Walsh v. MacAire

227 P.2d 517, 102 Cal. App. 2d 435, 1951 Cal. App. LEXIS 1326
CourtCalifornia Court of Appeal
DecidedFebruary 20, 1951
DocketCiv. 17721
StatusPublished
Cited by6 cases

This text of 227 P.2d 517 (Walsh v. MacAire) is published on Counsel Stack Legal Research, covering California Court of Appeal primary law. Counsel Stack provides free access to over 12 million legal documents including statutes, case law, regulations, and constitutions.

Bluebook
Walsh v. MacAire, 227 P.2d 517, 102 Cal. App. 2d 435, 1951 Cal. App. LEXIS 1326 (Cal. Ct. App. 1951).

Opinion

SHINN, P. J.

Plaintiffs brought this action for specific performance of an agreement to purchase from defendants a parcel of land 400 feet by 525 feet in the city of Los Angeles in a community known as Tujunga. Although plaintiffs have spent $12,800 building a house and otherwise improving the property to which they have no title, and are in much need of performance by defendants, they have appealed from a judgment in their favor decreeing specific performance, contending that they were granted inadequate relief. Most of their contentions are untenable. The serious question is whether the court failed to make findings on all material issues and should have considered and determined the question of plaintiffs’ damage with respect to a certain feature of the agreement as to which specific performance could not be decreed.
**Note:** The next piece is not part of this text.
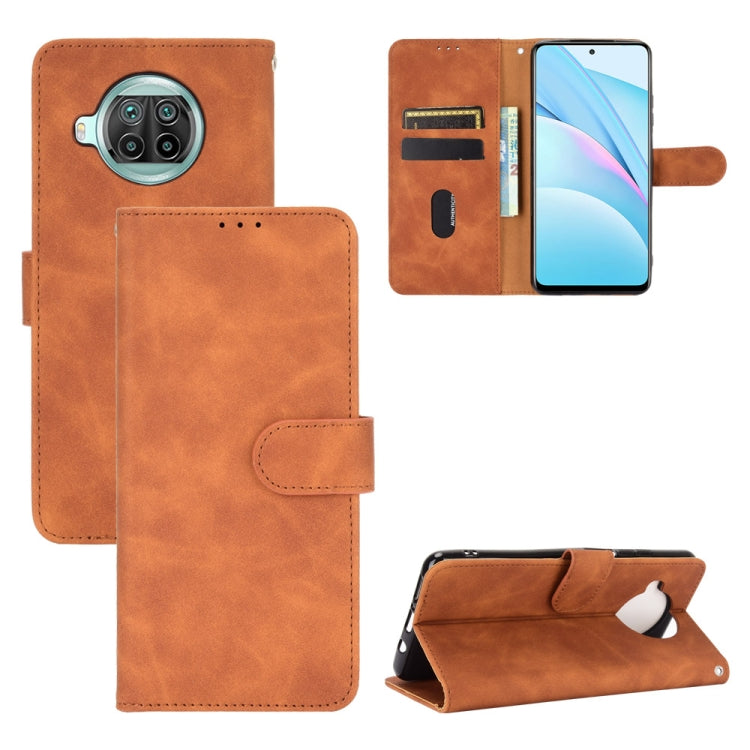 Solid Color Skin Feel Magnetic Buckle Horizontal Flip Calf Texture PU Leather Case with Holder & Card Slots & Wallet, For Oukitel C21 / C21 Pro, For Xiaomi Mi 10T Lite 5G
The land in question is on a brush-covered hogback bordering on Haines Canyon and is not served by any public utility. There is what is known as a fire road extending from a public road in Haines Canyon to and beyond the property in question. From Haines Canyon Avenue the road leads across some privately owned land, government land in the Angeles National Forest and other land of the defendants. It is used by federal, state and county agencies in fire prevention and other protective work. So far as shown the right of these agencies to use the road is no more than a reserved easement.

The agreement was in the form of escrow instructions executed by the parties. They contained the following: “Buyer and seller agree to furnish the metes and bounds description of the road which is to be used as a means of agress [sic] and *437 ingress for the Buyer, and you are to draw at the close of your escrow a separate agreement using this description which is to be signed by both buyer and seller, and remain in effect as long as buyers, their heirs or assigns, shall use above described property.

“You are further instructed and authorized, without any liability or responsibility on your part whatsoever, to draw, at the close of your escrow, an agreement as between the buyer and seller as to the use of and right in an adequate supply of water which is to be furnished by seller from sellers property, until water is available from public utilities. ’ ’

There was no other executed written agreement covering these matters. The pleadings raised the following issues: (1) Whether defendants agreed to provide as a part of the transaction, an irrevocable right of ingress and egress for plaintiffs over the fire road; (2) whether the land being purchased bordered on a public road; plaintiffs alleged it did not; defendants alleged that it did; (3) what was agreed as to plaintiffs ’ right to be furnished with water from a spring on other land of the defendants; (4) what were the terms of payment for the land.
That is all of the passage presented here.